Had Shell acted upon this knowledge and invested in green energy, we could be living in a very different world right now. Instead, the company doubled down on oil production. In 2007, Shell dabbled in solar power as part of a wider campaign to address climate change, but quickly sold the plant again. It wasn’t until 28 years after the confidential paper was published that Shell created its New Energies division, which looked into other energy sources. The division was allocated less than 1% of the money £30bn budget for oil and gas.

Today, Shell is still expanding its oil operations, vowing to keep output steady or higher into 2030. At the same time, the company seems to be using delaying or silencing tactics to slow the transition. Already this year, Shell has spent $1.98m lobbying for oil and gas in the US, ($57m since the Paris Agreement in 2016). And is currently suing climate activist group Greenpeace for £100,000.
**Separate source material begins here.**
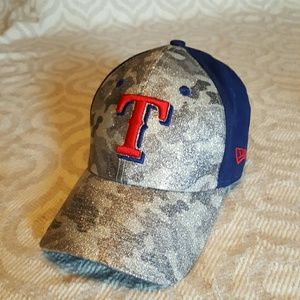 Texas Rangers camo-shine ladies baseball cap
This behavior is becoming harder for some pension funds to justify. After all, who wants to inherit a pension on an unlivable planet?

Could Shell be the new Kodak?

In the first quarter of 2023, Shell enjoyed profits of $9.6bn. It follows the company’s record-breaking $39.9bn in 2022. For Hancock, it was a “prime opportunity to invest capital into the transition.”
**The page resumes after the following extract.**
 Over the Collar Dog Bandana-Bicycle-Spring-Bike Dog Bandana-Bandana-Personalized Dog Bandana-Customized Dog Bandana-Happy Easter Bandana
“We’re very disappointed that didn’t happen,” she stresses. “That was very short-sighted.”

Shell sold fossil fuel assets last year, which CEO Wael Sawan counts as lowering the company’s carbon emissions. And despite relatively few sustainable investments – accounting for just 1.5% of revenue according to Global Witness research – the oil conglomerate is keen to stress that it is on track to meet its 2050 commitments.

But progress is limited. Shell’s own investor documents contain this cautionary note: “Shell’s operating plans cannot reflect our 2050 net-zero emissions target and 2035 NCI target, as these targets are currently outside our planning period.”
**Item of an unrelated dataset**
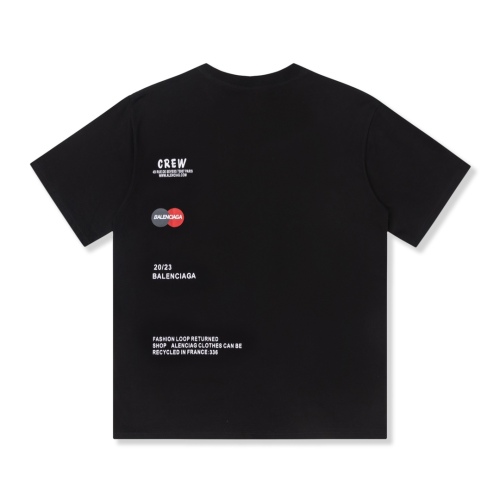 Balenciaga multi -logo pattern printing short -sleeved T -shirt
Speaking to a public audience in London on 11 July, former governor to the Bank of England, Mark Carney, commented, “Major oil companies – virtually without exception – are not investing enough in the transition”. He points out that, “this is common behaviour in industries being disrupted”. In the same way that Blockbuster fell to streaming platforms, and Kodak lost out to smartphones, fossil fuel companies could soon become stranded assets.

Researchers estimate that $1.4trn of oil and gas will become stranded by 2036. For pension funds invested in fossil fuels, this would be disastrous. Research by Make My Money Matter found that the average person’s UK pension pot has £905 invested in Shell.

To divest, or not to divest?

With mounting regulatory and investor pressure, it seems inevitable that pension funds will need to pull money out of fossil fuels at some point. But doing so comes with its own risks.

“You need to have exposure to certain sectors”, Quiroz emphasises. Energy is one such industry. It’s an asset that can prop-up a portfolio during recessions. After all, we all switch on the lights and heat water, no matter how depressing the stock market. Another valuable characteristic for retirement funds is how quickly the stocks can be converted to cash.

Investing in renewable energy will not cover this need for retirement portfolios, explains Quiroz, as the sector generally brings less liquidity and higher risk.

“Do the withdrawals need to come from income?” asks Quiroz. “Or can they come from a combination of capital and income?” These are some of the questions managers need to grapple with. Finding an equally liquid sector, without leaving gaps in the portfolio is challenging.

Perhaps at this juncture, the government should step in. Tax the record-breaking profits of fossil fuel companies and pass the yield onto pensioners. In the meantime, use the divested proceeds to power-up renewable energy innovation.

But we seem to be a long way from any such climate interventions. For now, the future lies in the bravery of asset owners.